These charges, along with brokerage, exchange and regulatory fees, will now sit outside the limits and the revised framework will be termed the base expense ratio, Sebi chairman Tuhin Kanta Pandey said. Currently, only GST on management fees is allowed over and above the total expense ratio (TER), while other statutory charges are included.

The regulator said excluding statutory levies would ensure that any future changes in such taxes are passed on directly to investors. Sebi also decided to remove the additional 5 basis points (bps) that asset management companies were allowed to charge across schemes for exit loads.

This extra charge, originally introduced in 2012 at 20 bps to offset the impact of crediting exit loads back to schemes and later reduced to 5 bps in 2018, was transitory in nature and has now been withdrawn to rationalise costs for unitholders.

To ensure expenses are charged fairly and only once, Sebi revised brokerage limits to 6 bps from 12 bps for cash market transactions and to 2 bps from 5 bps for derivatives. Other decisions include simplified eligibility norms for fund sponsors, easing of compliance burdens on asset management companies through fewer mandatory trustee meetings, elimination of newspaper advertisements for scheme changes in favour of online disclosures and removal of duplicative reporting.

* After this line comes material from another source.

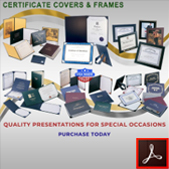 171 Certificate Holders Thumbnail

Redundant chapters on real estate mutual funds and infrastructure debt funds were deleted, as separate frameworks already exist. Sebi said these changes reduced the mutual fund regulations by 44 per cent in pages and 54 per cent in word count. The industry, which began in 1963, now manages over 80 lakh crore in assets.

Separately, Sebi approved replacing the three-decade-old Sebi (Stock Brokers) Regulations, 1992 with the Sebi (Stock Brokers) Regulations, 2025. The new rules, structured into 11 chapters, simplify language, remove obsolete provisions and streamline reporting. Definitions have been amended, joint inspections permitted, electronic maintenance of books allowed, and criteria for identifying qualified stock brokers rationalised. Pages have been cut from 59 to 29.

The board also amended ICDR rules to ease IPO lock-in challenges, allowed incentives in public debt issues, streamlined LODR timelines and relaxed norms for credit rating agencies.

The board also acknowledged the report of the high-level committee on conflicts of interest, deferring detailed deliberations to a subsequent meeting.